In 2010, he founded the Savvy Gallery in Berlin, bringing together art from the West and elsewhere, and in 2017 was one of the curators of Documenta, a prestigious contemporary art event in the German city of Kassel.

Convinced of the belief that history “has been written by a particular type of people, mostly white and men,” Ndikung has had all the rooms in the HKW renamed after women.

These are figures who have “done something important in the advancement of the world” but were “erased” from history, he added.

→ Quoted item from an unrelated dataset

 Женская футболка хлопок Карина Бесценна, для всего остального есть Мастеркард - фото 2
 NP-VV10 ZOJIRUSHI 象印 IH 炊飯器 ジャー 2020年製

Among them is Frenchwoman Paulette Nardal, born in Martinique in 1896.

She helped inspire the creation of the “negritude” movement, which aimed to develop black literary consciousness, and was the first black woman to study at the Sorbonne in Paris.

Reassessing history

Ndikung’s appointment at the HKW comes as awareness grows in Germany about its colonial past, which has long been overshadowed by the atrocities committed during the era of Adolf Hitler’s Nazis.

Berlin has in recent years started returning looted objects to African countries which it occupied in the early 20th century — Burundi, Rwanda, Tanzania, Namibia and Cameroon.

“It’s long overdue,” said Ndikung.

He was born in Cameroon’s capital, Yaounde, into an anglophone family.

The country is majority francophone but also home to an anglophone minority and has faced deadly unrest in English-speaking areas, where armed insurgents are fighting to establish an independent homeland.

One of his dreams is to open a museum in Cameroon “bringing together historical and contemporary objects” from different countries, he said.

He would love to locate it in Bamenda, the capital of Cameroon’s restive Northwest region.

“But there is a war in Bamenda, so I can’t,” he says.